◆ Brief ◆
Give back exactly the lines of the entries below from the line with "Bovenaanzicht wit bureau" to the line with "a woman is standing", inclusive, and only those.

◆ ◆ ◆

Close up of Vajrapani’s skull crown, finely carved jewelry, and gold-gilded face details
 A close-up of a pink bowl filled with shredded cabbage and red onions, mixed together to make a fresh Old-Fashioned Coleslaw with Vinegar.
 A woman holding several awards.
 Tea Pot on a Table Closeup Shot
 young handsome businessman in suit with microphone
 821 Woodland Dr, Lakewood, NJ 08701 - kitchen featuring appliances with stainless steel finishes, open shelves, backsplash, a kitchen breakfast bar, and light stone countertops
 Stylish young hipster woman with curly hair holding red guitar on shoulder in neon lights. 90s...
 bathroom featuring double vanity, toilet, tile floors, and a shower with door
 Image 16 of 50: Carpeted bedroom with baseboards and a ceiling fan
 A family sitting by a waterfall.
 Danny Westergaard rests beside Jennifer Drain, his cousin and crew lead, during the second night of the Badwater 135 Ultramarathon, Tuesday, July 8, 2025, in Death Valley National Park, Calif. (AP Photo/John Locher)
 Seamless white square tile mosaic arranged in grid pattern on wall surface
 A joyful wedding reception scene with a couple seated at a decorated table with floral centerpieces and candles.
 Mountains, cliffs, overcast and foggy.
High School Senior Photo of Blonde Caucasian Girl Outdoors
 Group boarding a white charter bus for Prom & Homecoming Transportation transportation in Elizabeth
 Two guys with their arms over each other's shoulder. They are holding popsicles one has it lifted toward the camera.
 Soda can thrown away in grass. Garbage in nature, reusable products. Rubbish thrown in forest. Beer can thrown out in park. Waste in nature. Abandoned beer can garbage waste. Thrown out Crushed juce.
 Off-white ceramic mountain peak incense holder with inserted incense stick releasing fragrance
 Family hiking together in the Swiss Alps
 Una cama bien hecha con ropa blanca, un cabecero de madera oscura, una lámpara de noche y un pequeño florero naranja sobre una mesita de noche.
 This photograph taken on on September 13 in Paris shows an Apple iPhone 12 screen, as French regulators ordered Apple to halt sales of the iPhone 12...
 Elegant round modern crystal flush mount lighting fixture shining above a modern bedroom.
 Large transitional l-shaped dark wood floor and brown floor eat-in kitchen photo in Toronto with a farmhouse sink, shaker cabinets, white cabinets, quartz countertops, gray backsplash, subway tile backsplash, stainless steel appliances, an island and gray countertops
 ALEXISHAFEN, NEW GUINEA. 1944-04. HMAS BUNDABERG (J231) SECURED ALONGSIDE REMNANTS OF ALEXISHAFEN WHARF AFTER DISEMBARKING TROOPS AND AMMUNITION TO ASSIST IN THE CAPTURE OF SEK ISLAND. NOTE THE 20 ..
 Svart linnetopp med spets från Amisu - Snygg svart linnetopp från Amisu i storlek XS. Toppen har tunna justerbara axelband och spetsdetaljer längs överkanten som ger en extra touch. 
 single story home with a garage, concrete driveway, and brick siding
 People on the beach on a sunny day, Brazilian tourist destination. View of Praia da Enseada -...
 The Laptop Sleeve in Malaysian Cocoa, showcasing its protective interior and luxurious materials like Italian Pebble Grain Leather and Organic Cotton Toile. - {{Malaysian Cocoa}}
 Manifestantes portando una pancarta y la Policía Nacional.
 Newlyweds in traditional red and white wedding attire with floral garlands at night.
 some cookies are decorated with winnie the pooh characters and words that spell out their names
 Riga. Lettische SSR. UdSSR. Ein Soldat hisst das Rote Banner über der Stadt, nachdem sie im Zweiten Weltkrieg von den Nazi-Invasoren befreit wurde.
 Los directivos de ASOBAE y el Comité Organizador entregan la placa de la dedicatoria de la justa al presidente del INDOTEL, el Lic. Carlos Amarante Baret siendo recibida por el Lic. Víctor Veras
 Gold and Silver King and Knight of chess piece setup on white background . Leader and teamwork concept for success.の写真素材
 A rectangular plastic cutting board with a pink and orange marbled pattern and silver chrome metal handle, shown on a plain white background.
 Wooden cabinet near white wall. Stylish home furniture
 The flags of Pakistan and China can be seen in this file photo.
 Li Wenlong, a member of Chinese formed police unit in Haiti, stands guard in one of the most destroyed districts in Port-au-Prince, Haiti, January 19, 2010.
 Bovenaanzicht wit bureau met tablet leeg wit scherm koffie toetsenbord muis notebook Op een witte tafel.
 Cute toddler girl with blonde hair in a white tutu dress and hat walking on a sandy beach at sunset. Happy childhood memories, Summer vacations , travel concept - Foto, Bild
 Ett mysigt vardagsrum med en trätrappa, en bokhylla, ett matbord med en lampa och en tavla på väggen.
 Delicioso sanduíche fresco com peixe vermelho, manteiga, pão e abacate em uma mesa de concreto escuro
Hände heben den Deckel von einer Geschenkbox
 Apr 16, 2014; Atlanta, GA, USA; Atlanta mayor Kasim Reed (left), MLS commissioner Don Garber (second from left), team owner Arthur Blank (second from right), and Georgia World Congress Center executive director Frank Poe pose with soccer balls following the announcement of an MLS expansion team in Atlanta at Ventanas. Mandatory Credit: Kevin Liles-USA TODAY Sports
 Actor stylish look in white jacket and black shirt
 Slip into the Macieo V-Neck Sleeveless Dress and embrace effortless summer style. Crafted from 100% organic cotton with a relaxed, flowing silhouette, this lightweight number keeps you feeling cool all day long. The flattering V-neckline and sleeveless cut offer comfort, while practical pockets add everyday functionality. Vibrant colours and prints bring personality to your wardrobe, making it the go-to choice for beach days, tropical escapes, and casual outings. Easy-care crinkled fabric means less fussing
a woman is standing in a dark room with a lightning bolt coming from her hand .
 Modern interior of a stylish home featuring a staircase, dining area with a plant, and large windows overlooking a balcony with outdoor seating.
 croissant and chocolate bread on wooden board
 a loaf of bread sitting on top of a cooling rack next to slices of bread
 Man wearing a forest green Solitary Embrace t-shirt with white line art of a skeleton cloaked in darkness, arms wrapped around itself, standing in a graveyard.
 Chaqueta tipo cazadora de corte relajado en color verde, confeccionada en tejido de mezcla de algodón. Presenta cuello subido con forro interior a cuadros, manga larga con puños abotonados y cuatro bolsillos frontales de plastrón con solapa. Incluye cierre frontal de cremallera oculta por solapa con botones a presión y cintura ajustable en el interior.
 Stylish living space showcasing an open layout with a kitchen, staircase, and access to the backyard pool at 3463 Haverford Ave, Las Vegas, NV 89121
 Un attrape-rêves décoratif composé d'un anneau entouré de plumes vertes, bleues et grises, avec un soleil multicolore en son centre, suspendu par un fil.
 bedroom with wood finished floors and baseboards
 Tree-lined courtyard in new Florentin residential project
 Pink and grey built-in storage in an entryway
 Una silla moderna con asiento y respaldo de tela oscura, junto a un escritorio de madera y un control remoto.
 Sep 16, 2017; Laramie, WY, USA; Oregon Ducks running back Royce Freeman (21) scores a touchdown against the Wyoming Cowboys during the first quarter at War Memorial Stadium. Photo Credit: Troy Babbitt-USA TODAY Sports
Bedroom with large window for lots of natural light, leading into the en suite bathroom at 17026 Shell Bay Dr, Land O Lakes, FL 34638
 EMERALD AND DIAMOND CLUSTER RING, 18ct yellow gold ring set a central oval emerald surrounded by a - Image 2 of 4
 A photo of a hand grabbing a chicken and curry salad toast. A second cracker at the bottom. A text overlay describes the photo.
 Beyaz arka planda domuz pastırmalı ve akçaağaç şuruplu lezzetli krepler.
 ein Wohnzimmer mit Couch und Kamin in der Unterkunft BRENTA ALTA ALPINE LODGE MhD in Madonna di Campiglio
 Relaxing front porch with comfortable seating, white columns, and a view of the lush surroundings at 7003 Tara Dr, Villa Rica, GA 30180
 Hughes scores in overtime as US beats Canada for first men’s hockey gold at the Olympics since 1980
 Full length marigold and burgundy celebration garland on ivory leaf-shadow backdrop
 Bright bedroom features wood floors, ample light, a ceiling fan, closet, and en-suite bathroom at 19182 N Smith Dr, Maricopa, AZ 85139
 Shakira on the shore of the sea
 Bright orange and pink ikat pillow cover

◆ ◆ ◆

◆ Result of this task ◆
 Bovenaanzicht wit bureau met tablet leeg wit scherm koffie toetsenbord muis notebook Op een witte tafel.
 Cute toddler girl with blonde hair in a white tutu dress and hat walking on a sandy beach at sunset. Happy childhood memories, Summer vacations , travel concept - Foto, Bild
 Ett mysigt vardagsrum med en trätrappa, en bokhylla, ett matbord med en lampa och en tavla på väggen.
 Delicioso sanduíche fresco com peixe vermelho, manteiga, pão e abacate em uma mesa de concreto escuro
Hände heben den Deckel von einer Geschenkbox
 Apr 16, 2014; Atlanta, GA, USA; Atlanta mayor Kasim Reed (left), MLS commissioner Don Garber (second from left), team owner Arthur Blank (second from right), and Georgia World Congress Center executive director Frank Poe pose with soccer balls following the announcement of an MLS expansion team in Atlanta at Ventanas. Mandatory Credit: Kevin Liles-USA TODAY Sports
 Actor stylish look in white jacket and black shirt
 Slip into the Macieo V-Neck Sleeveless Dress and embrace effortless summer style. Crafted from 100% organic cotton with a relaxed, flowing silhouette, this lightweight number keeps you feeling cool all day long. The flattering V-neckline and sleeveless cut offer comfort, while practical pockets add everyday functionality. Vibrant colours and prints bring personality to your wardrobe, making it the go-to choice for beach days, tropical escapes, and casual outings. Easy-care crinkled fabric means less fussing
a woman is standing in a dark room with a lightning bolt coming from her hand .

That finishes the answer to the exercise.